The Palo Alto Police Department and crime analysts from the Boalt Hall Law School at U.C. Berkeley will work together to identify hotspots of crime based on the location and frequency of shots fired within the city.

The East Palo Alto Police Department will use a $300,000 federal grant to work with the University of California at Berkeley to study crime-fighting strategies using data from the city's gunshot location detection system, the chief of police said today.

Police Chief Ron Davis said the grant, from the U.S. Department of Justice, will be used by the department and crime analysts from the Boalt Hall Law School at Berkeley to identify hotspots of crime based on the location and frequency of shots fired within the city.

The data on gunshots will come from the city's ShotSpotter system, installed in East Palo Alto in 2009 that uses sound sensors to tell police the location of shots within about 10 feet and five to 10 seconds after each shot, Davis said.

Police will use the $300,000 in federal funds for a new project, called the Smart Police Initiative, which will identify areas where shots are fired and recommend law enforcement tactics and strategies to prevent future gun incidents.

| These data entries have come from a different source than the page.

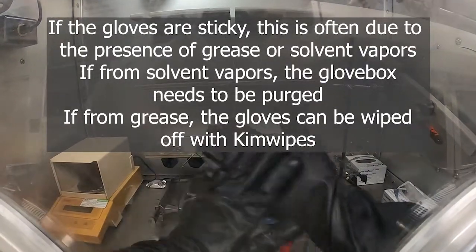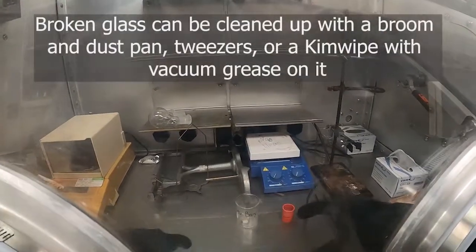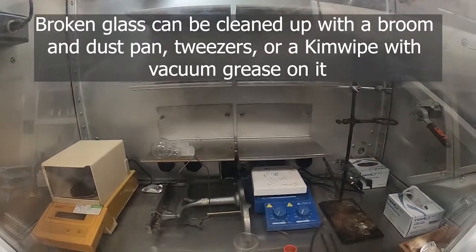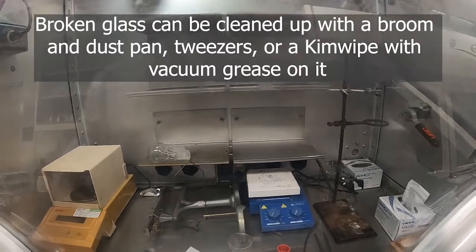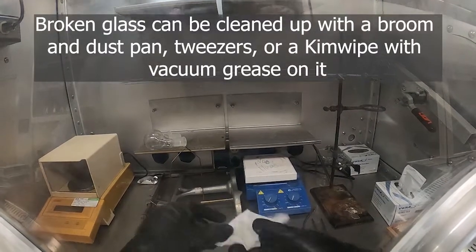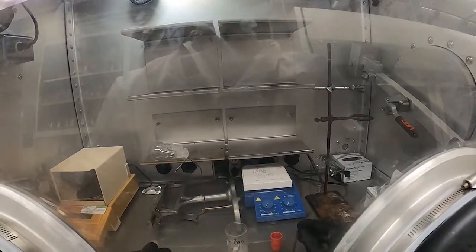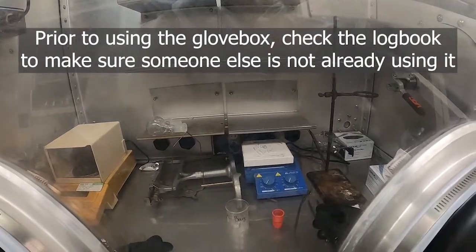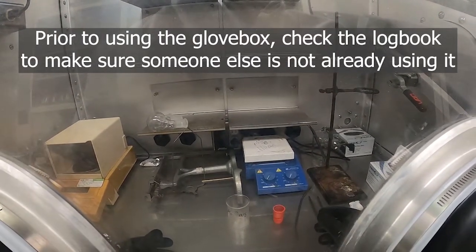If you find that the gloves are sticky, that means the glovebox needs to be purged — it's got solvent vapors in there that can cause the gloves to be sticky. If you do have any broken glass, it can be cleaned up with a small dustpan brought in and kept inside, or with a kimwipe — put a bit of vacuum grease on a kimwipe, use it to dab up pieces of broken glass, contain them carefully in the kimwipe, and put that in a trash receptacle. Many gloveboxes will have a log book — make sure you check it to see if the time you want is available.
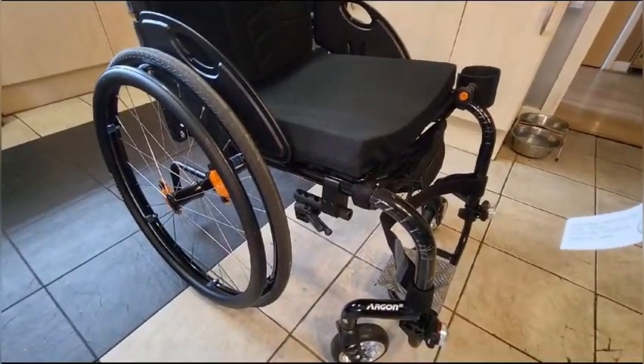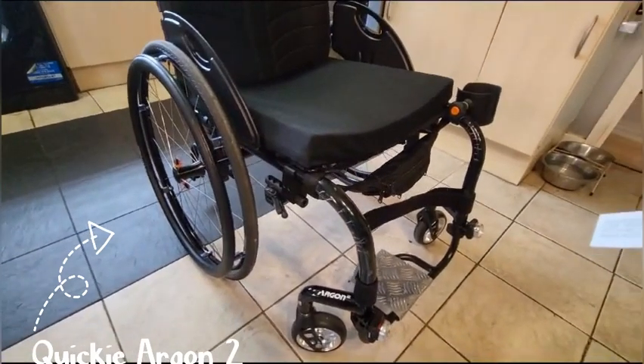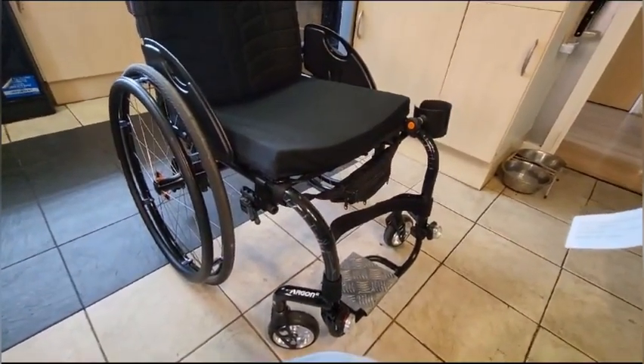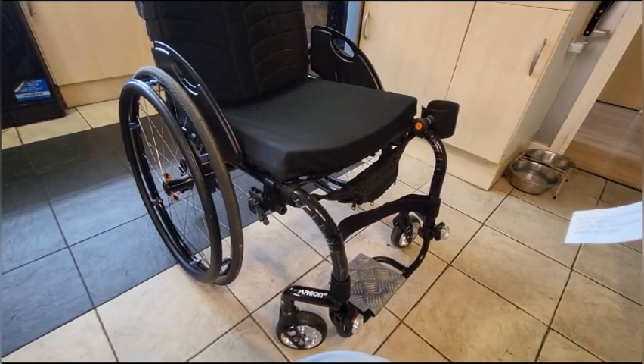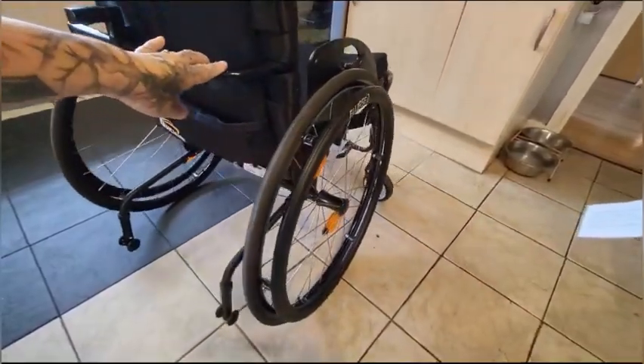Now I have the Quickie Argon 2 and I've had it a few days now. It's difficult compared to what I've been used to — with the electric one indoors you always have one hand free, and with a manual one that's not the case. I'm starting to realise that, but I still love it. It's really cool. This is the Quickie Argon 2 — it's a rigid frame, made from aluminium alloy, and it weighs eight kilograms. I've had it a couple of days now and I'm loving it.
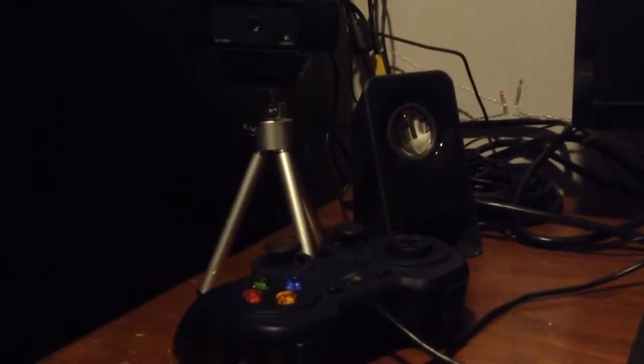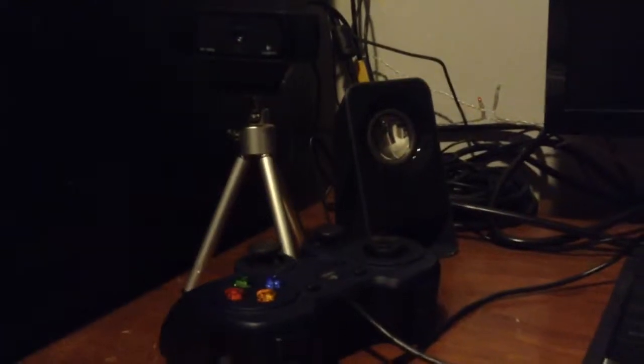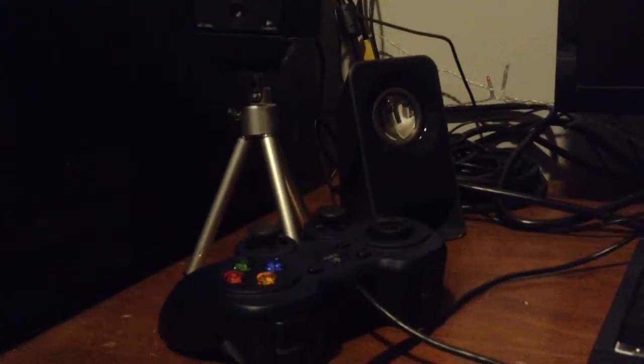Hello guys, welcome to Daniel's Workshop! Today we are going to make a DIY shopping cart with an emergency light. Let's get to it. Okay guys, let's open up the box of supplies for this DIY. We're going to need some tape.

"We're trying to take a look at the highest concentration of gunshots in the city, places where there are gunshots every week," Davis said.

Information from the gunshots can be used to find out what households tend to have the most shots fired so police can seek abatements, such as filing civil sanctions against the homeowners, he said.

The department wants to use the data on gunshots "to go beyond just responding to them, but to use it for prevention and intervention and analysis," Davis said.

East Palo Alto is the only city in the country with citywide coverage of the ShotSpotter detection system. Davis said.

The funds from the grant will be allocated to cover costs such as officer overtime and consulting fees from Berkeley, David said.